Keep only the 10 stations with the lowest footfall in 2020 You will want to use the head function with n = 10 to do this
Pivot the data longer into a tidy data format, so you have the year in one column, and the footfall in another You will want to use the tidyr function pivot_longer() to do this
Create a line chart in ggplot of the data, with year on the x axis and footfall on the y axis.

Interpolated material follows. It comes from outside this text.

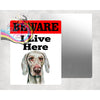 Beware Weimaraner Lives Here Aluminium Gate Sign - Signage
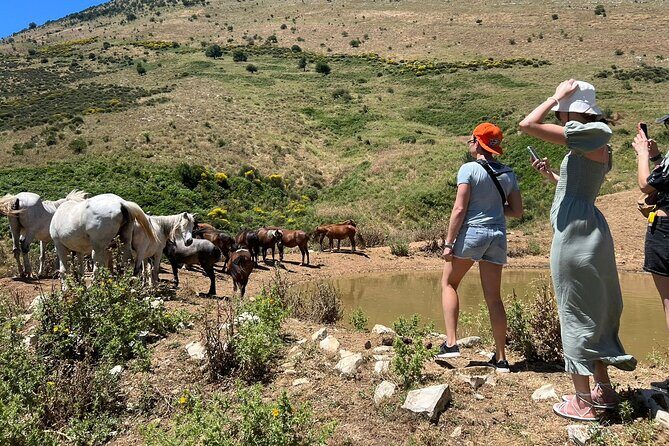 1-Day Tour in Blue Eye, Monastery, Gjirokaster and Lekursi Castle - Who Should Consider This Tour?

Make your chart publication-worthy! Aspects you may want to consider include:
- The theme and colours used in your charts; can you create an autumnal/halloween-themed colour palette and apply it to your chart?
- The formatting and labelling of your chart axes
- Can you annotate the chart to highlight the Covid-related drop in 2021?
- Can you split different regions onto different charts to make the chart easier to read?